Question

If \[x=30{}^\circ \] verify that \[\sin x=\sqrt{\dfrac{1-\cos 2x}{2}}\].

Answer 1

Hint: The left-hand side and right-hand side are calculated by putting the value of x. The right-hand side can be obtained by using the value of x.
Formulas used:
The value of \[\sin 30{}^\circ =\dfrac{1}{2}\] and the value of \[\cos 60{}^\circ =\dfrac{1}{2}\].

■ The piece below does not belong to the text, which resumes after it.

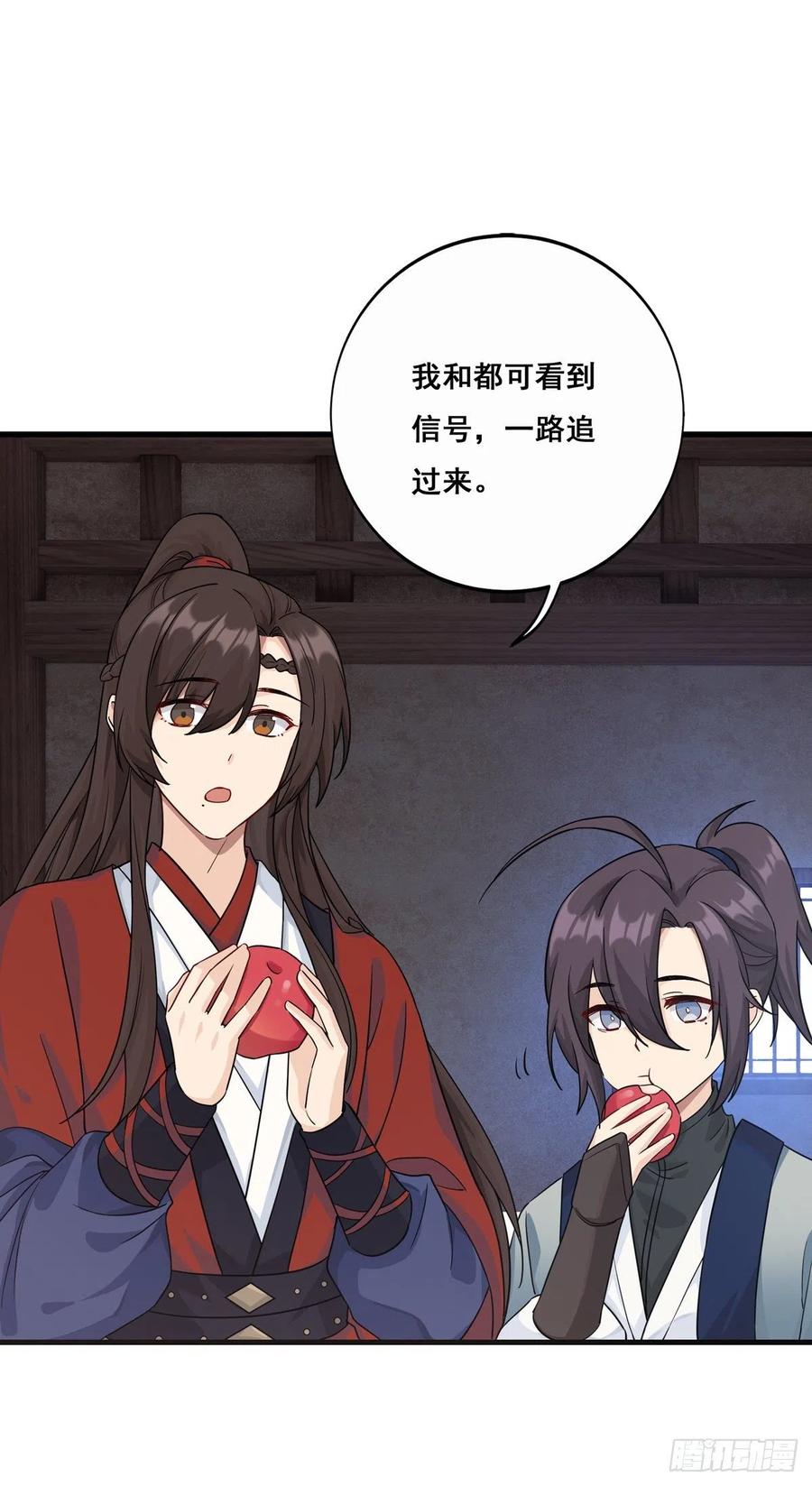将嫁漫画,7.敌友不分（上）2图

Complete step-by-step answer:
First step will be considering \[\sin x\] as the left-hand side and put the value of x.
The right-hand side be \[\sqrt{\dfrac{1-\cos 2x}{2}}\] and put the value of x, and obtain the result.
The verification can be obtained as,
\[\begin{align}
  & \sin x=\sqrt{\dfrac{1-\cos 2x}{2}} \\
 & L.HS.=\sin x \\
 & L.HS.=\sin 30{}^\circ =\dfrac{1}{2} \\
 & R.H.S=\sqrt{\dfrac{1-\cos 2x}{2}} \\
 & R.H.S=\sqrt{\dfrac{1-\cos \left( 2\cdot 30 \right){}^\circ }{2}} \\
 & R.H.S=\sqrt{\dfrac{1-\cos 60{}^\circ }{2}} \\
 & R.H.S=\sqrt{\dfrac{1-\dfrac{1}{2}}{2}} \\
 & R.H.S=\sqrt{\dfrac{\dfrac{1}{2}}{2}} \\
 & R.H.S=\sqrt{\dfrac{1}{4}} \\
 & R.H.S=\dfrac{1}{2} \\
\end{align}\]
     \[Therefore,\text{ }L.H.S=R.H.S\text{ }\left[ verified \right]\].
Thus, the above expression is verified.

Note: The standard identities of trigonometric ratio have some special value for standard angle. The value of the trigonometric ratios is different for different angles.